LDO reverse current protection diode

Thread Starter

upand_at_them

Joined May 15, 2010
766
I'm familiar with the two typical ways of using a diode for reverse current protection of a voltage regulator: 1) diode from reg output to reg input and b) diode from power supply to reg input.

My question is: If I put a voltage at the reg output, and leave the reg input disconnected, is it still safe? Because it appears to be the same thing as having the diode between supply and reg input, i.e. no current can flow. But I'm wondering if I could still damage the regulator.
 

jpanhalt

Joined Jan 18, 2008
11,088
Source: LM117/LM317 datasheet
PROTECTION DIODES
When external capacitors are used with any IC regulator it is
sometimes necessary to add protection diodes to prevent the
capacitors from discharging through low current points into
the regulator. Most 10 μF capacitors have low enough internal
series resistance to deliver 20A spikes when shorted. Although
the surge is short, there is enough energy to damage
parts of the IC.
When an output capacitor is connected to a regulator and the
input is shorted, the output capacitor will discharge into the
output of the regulator. The discharge current depends on the
value of the capacitor, the output voltage of the regulator, and
the rate of decrease of VIN. In the LM117, this discharge path
is through a large junction that is able to sustain 15A surge
with no problem.

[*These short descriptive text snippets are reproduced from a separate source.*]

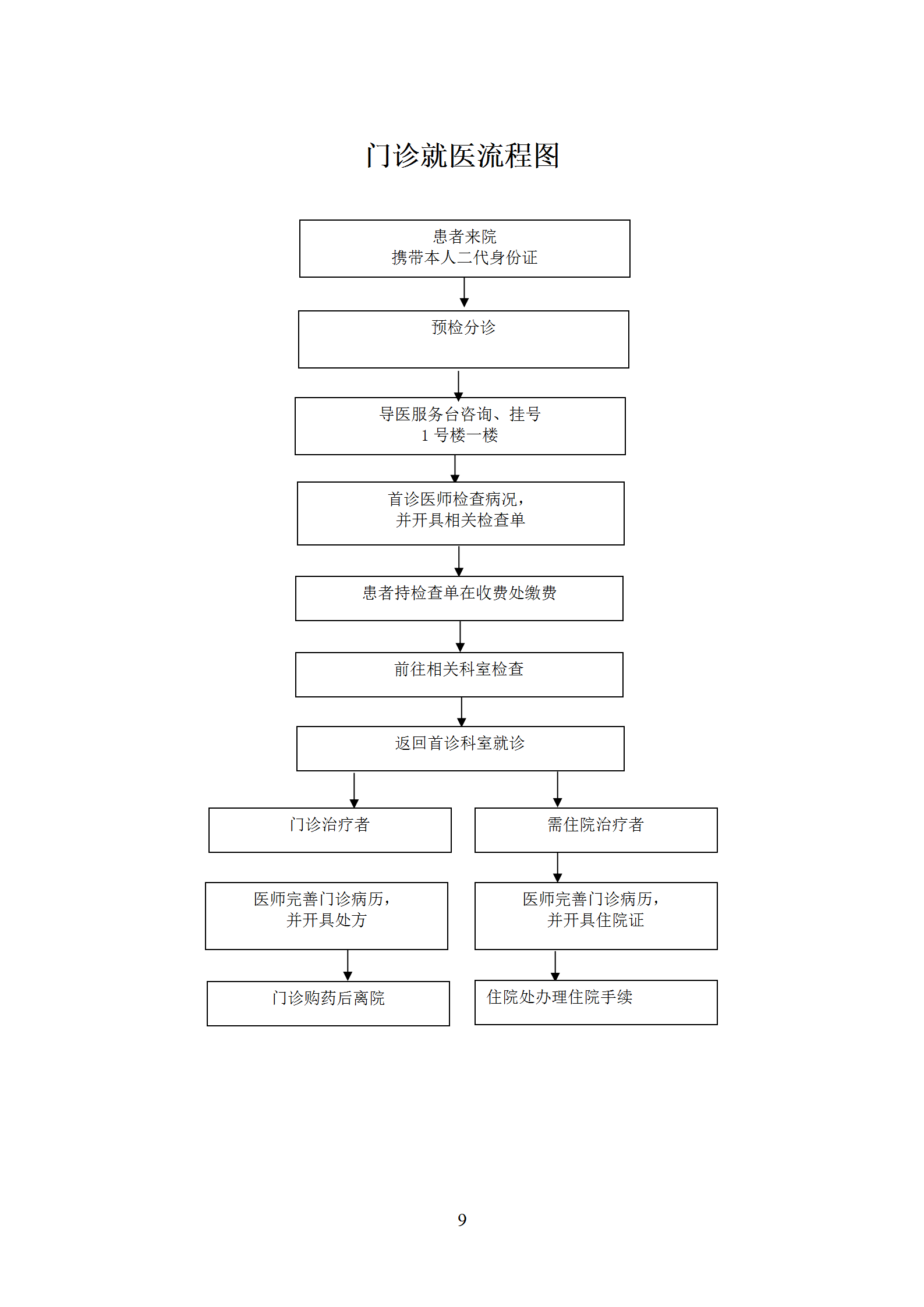 2.7.1.1 為患者提供就診接待引導(dǎo)咨詢服務(wù)_09.png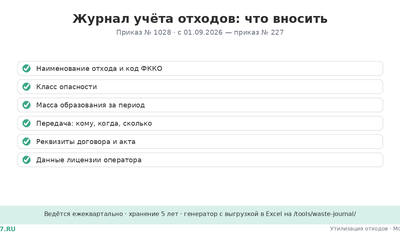 Журнал учёта отходов: форма 2026, образец, Excel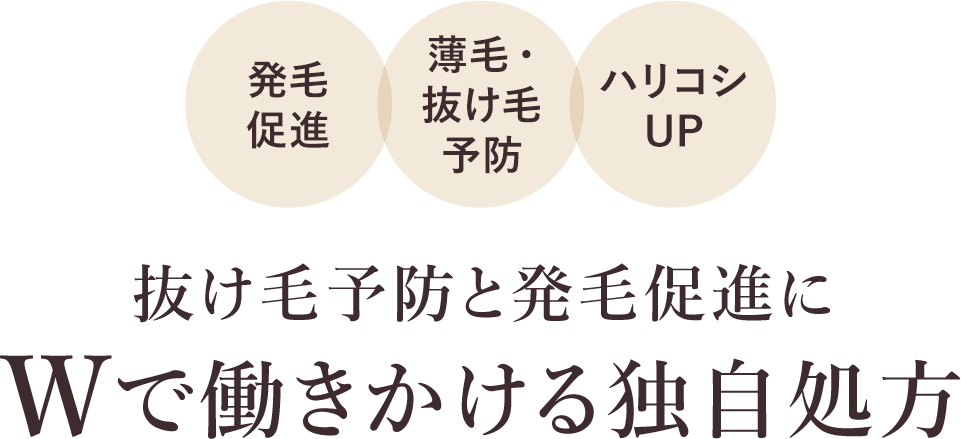 抜け毛予防と発毛促進にWで働きかける独自処方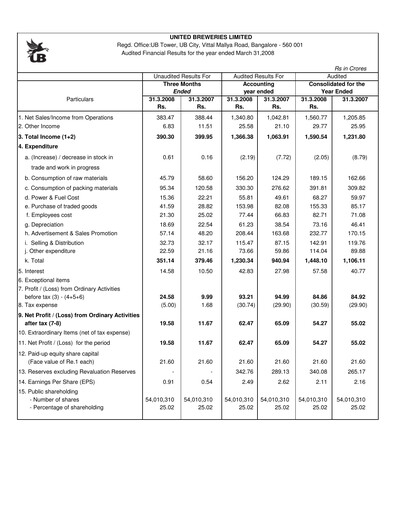 Thumbnail United Breweries Financial Statement 2007-2008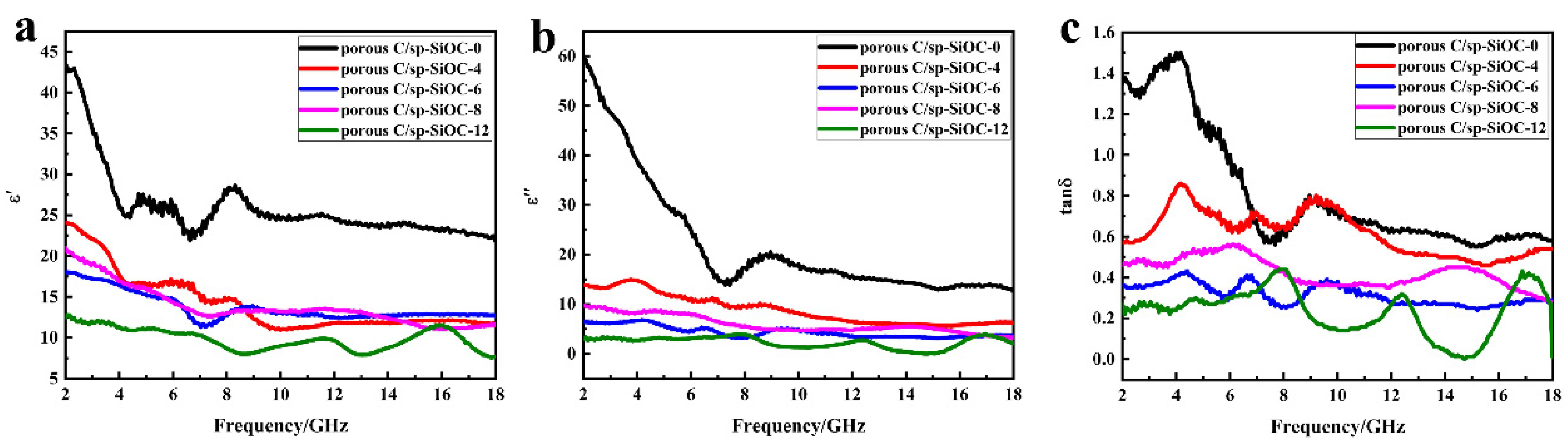 Materials 15 08864 g008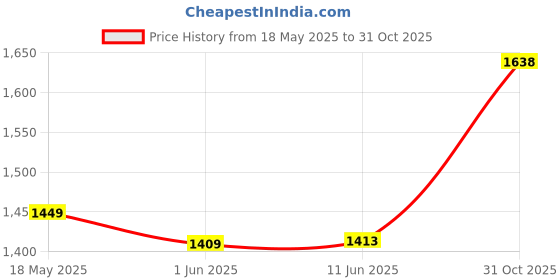 flipkart.com dcs pro FITNESS KIT + 3ft(Straight + Curl) RODS & FITNESS ACCESSORIES- BEST EXERCISE SET Fitness Accessory Kit Kit dcs pro Price History Graph from 18 May 2025 to 31 Oct 2025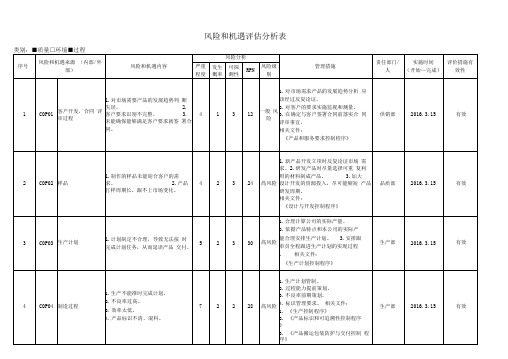 (完整版)风险识别及应对表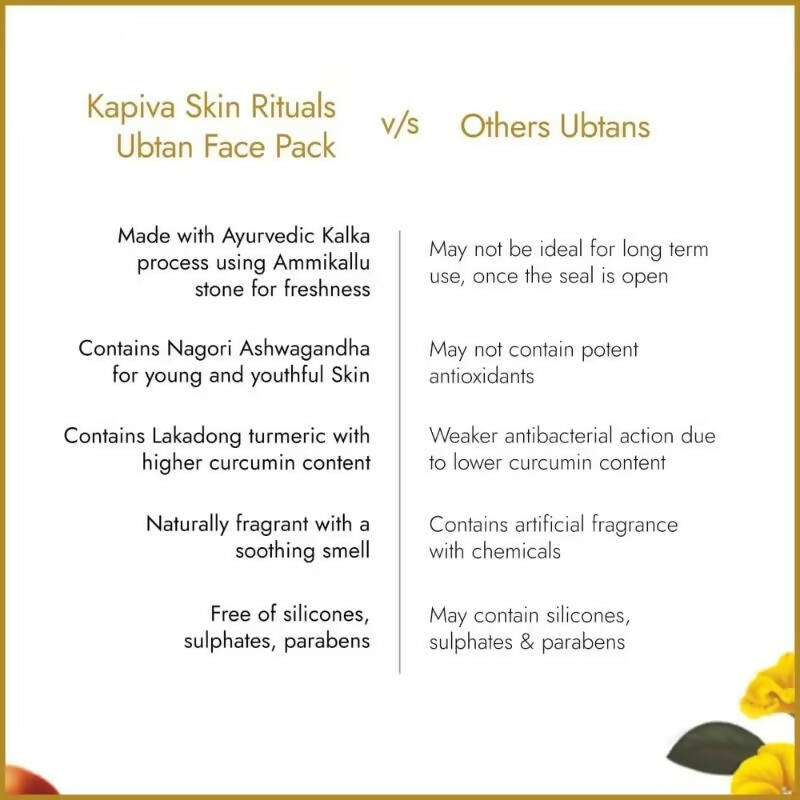 Kapiva Ayurveda Skin Rituals Panch Dal Ubtan | Grocsy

This is not true of other types of positive
regulators. For output capacitors of 25 μF or less, there is no
need to use diodes.
Yes. The diode conducts to the input rather than the internal circuitry, so it is no problem. Now, if you plan to use it for perpetual motion, then it won't work work in that application. ;)
 

Thread Starter

upand_at_them

Joined May 15, 2010
766
My application is this. I have an 5V LDO for a microcontroller circuit. The few times when I would update the firmware I'll be applying Vcc directly to the microcontroller, which is also the LDO output. And in this case I won't have anything at the LDO input.
 

MisterBill2

Joined Jan 23, 2018
8,760
A diode from regulator out back to regulator in is the only one that makes any sense, since the goal is to protect the circuit inside the regulator IC. The problem is that without the internal circuits powered current will flow into the output and cause damage.
 

jpanhalt

Joined Jan 18, 2008
11,088
I think the TS is missing the point. Those VR's are designed to accommodate an input voltage well above the output + a diode drop. However, they are not designed to have the output a lot more than the input, say 5V more. A diode from output to impt will will avoid that condition in ALL situations, regardless of whether the input is connected or disconnected.